BEGIN

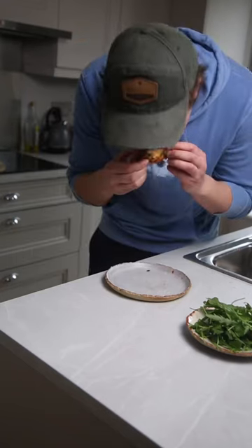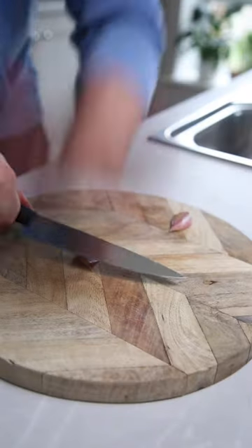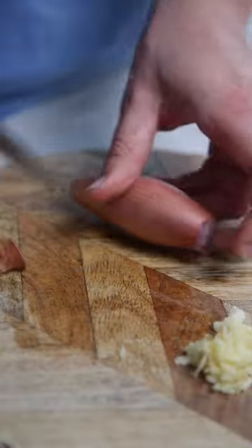Wait till you try these really tasty air fryer pizza bagels. Start by chopping up two cloves of garlic, one banana shallot, and some fresh basil.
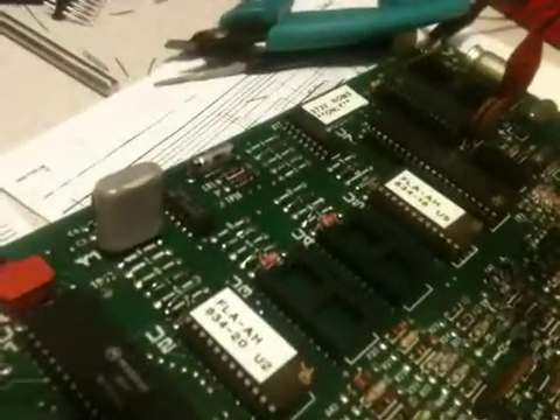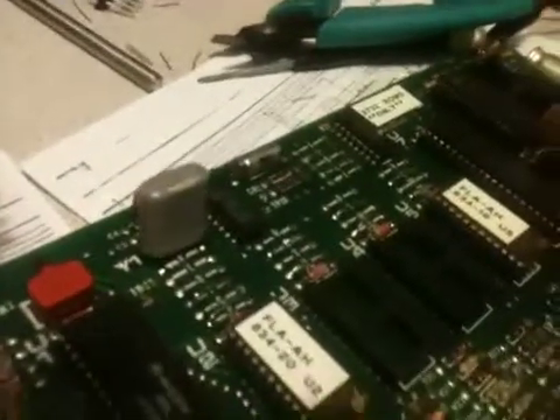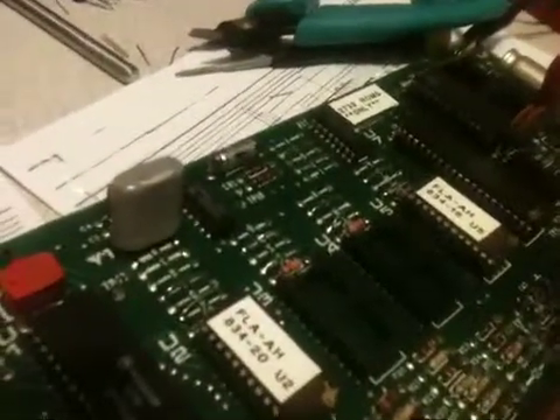Here we have a Bally 2561 Squawk and Talk out of the Flash Gordon. The processor had a couple of pins that would just fall off when you touched it, so we got a new CPU on here, two new ROMs, and re-jumpered the board for 2732s instead of 2532s.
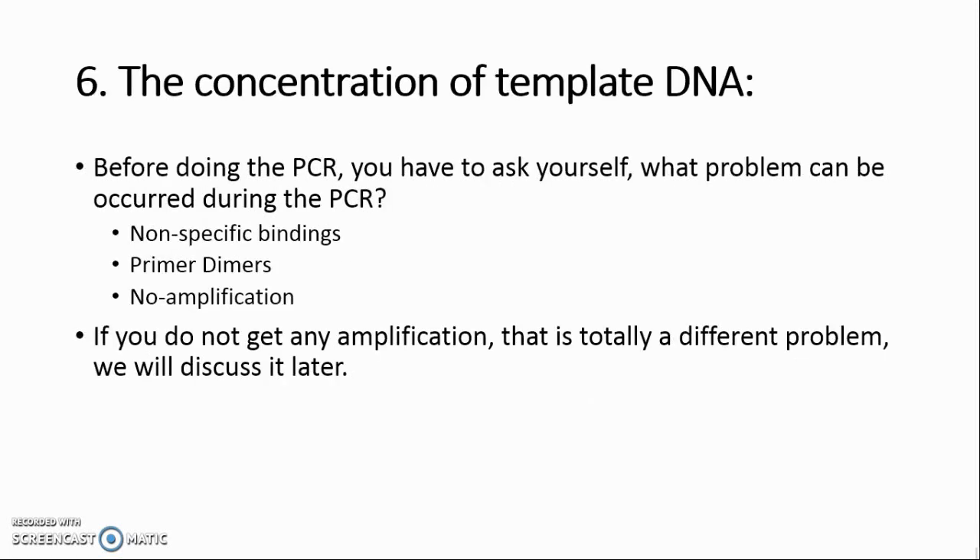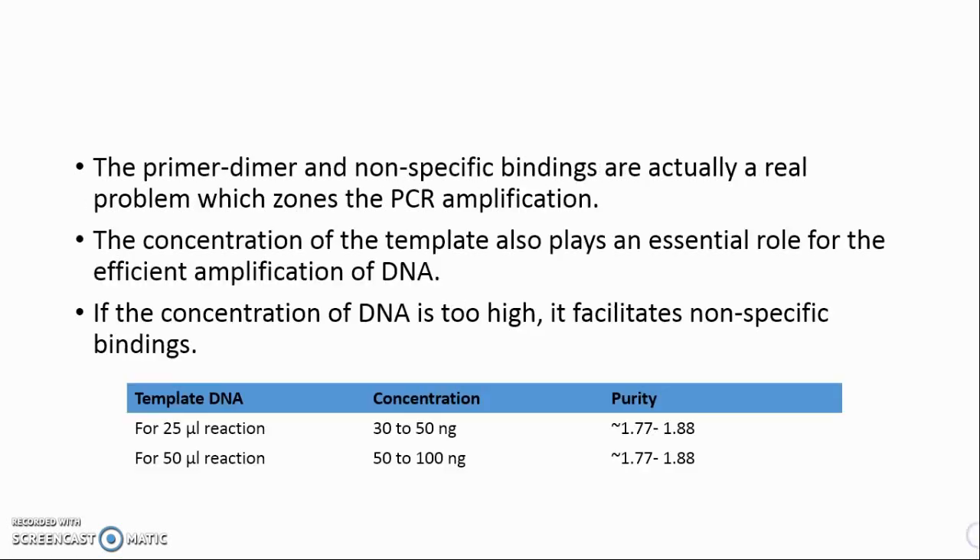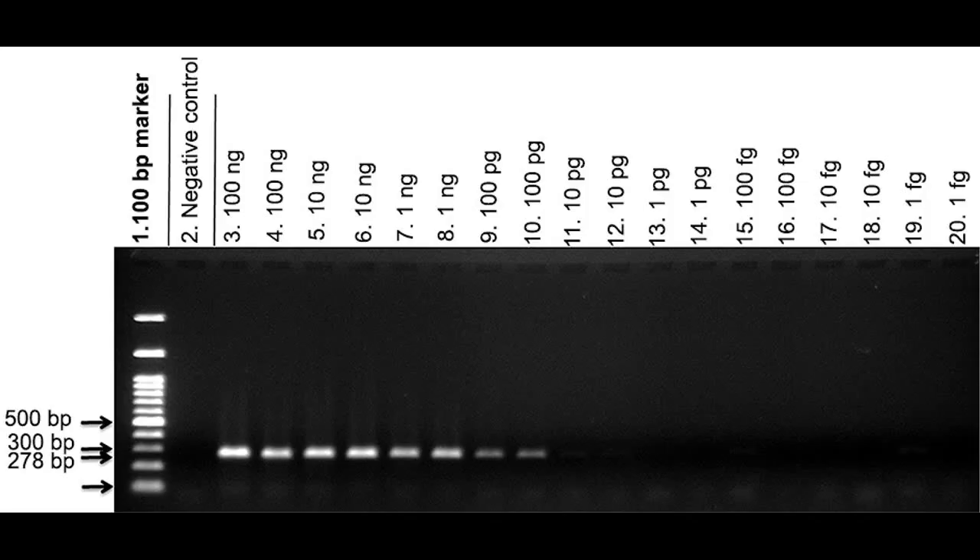Tip 3: The concentration of template DNA. Before doing the PCR, ask yourself what problems can occur: nonspecific bindings, primer dimers, or no amplification. The concentration of the template plays an essential role in efficient amplification. If the concentration of DNA is too high, it facilitates nonspecific bindings. It is always preferred to use 30 ng DNA in a 25 microliter reaction — and in fact, concentrations lower than this can still amplify DNA appropriately.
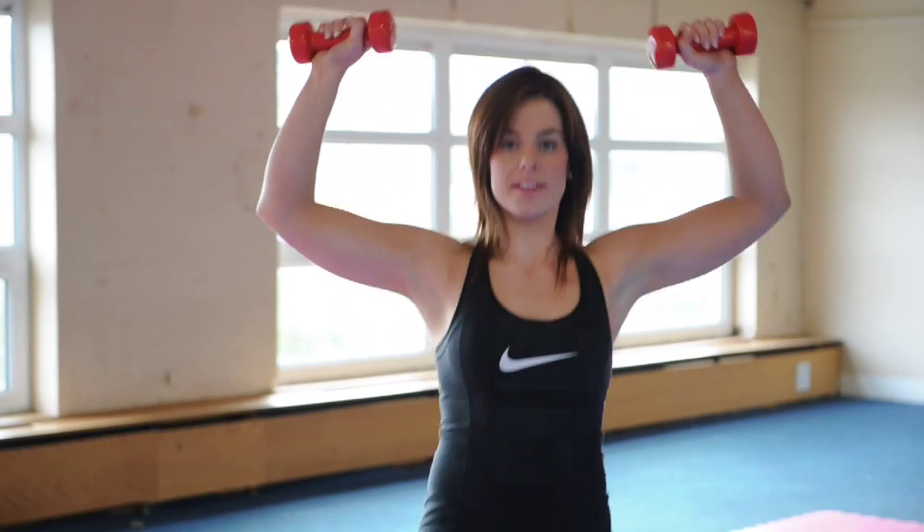Inhale and push off the front leg and lower the dumbbells back down to shoulder level. 10 reps each side, 20 in total.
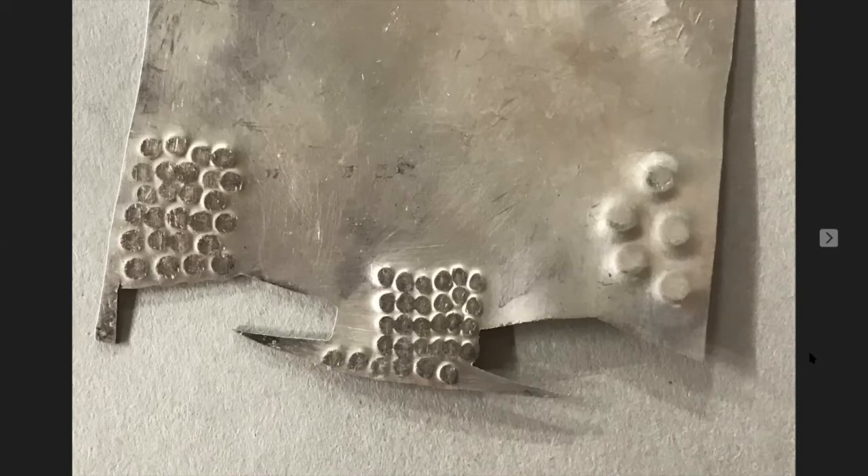One thing I didn't address under tools is the bench block. An anvil, bench pin, or any good hard steel block works well. But if you have a long workbench, you do not want to work in the middle — move the bench block to where it's over the table leg or over a support. If you work in the middle, a lot of your work goes into bouncing the table, and we want to stamp the metal, not bounce the table.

END

Restate the data word for word from its first line through the line with "Inhale and push", leaving out any picture along the way.

• Reply to the exercise
Wait till you try these really tasty air fryer pizza bagels. Start by chopping up two cloves of garlic, one banana shallot, and some fresh basil.
Here we have a Bally 2561 Squawk and Talk out of the Flash Gordon. The processor had a couple of pins that would just fall off when you touched it, so we got a new CPU on here, two new ROMs, and re-jumpered the board for 2732s instead of 2532s.
Tip 3: The concentration of template DNA. Before doing the PCR, ask yourself what problems can occur: nonspecific bindings, primer dimers, or no amplification. The concentration of the template plays an essential role in efficient amplification. If the concentration of DNA is too high, it facilitates nonspecific bindings. It is always preferred to use 30 ng DNA in a 25 microliter reaction — and in fact, concentrations lower than this can still amplify DNA appropriately.
Inhale and push off the front leg and lower the dumbbells back down to shoulder level. 10 reps each side, 20 in total.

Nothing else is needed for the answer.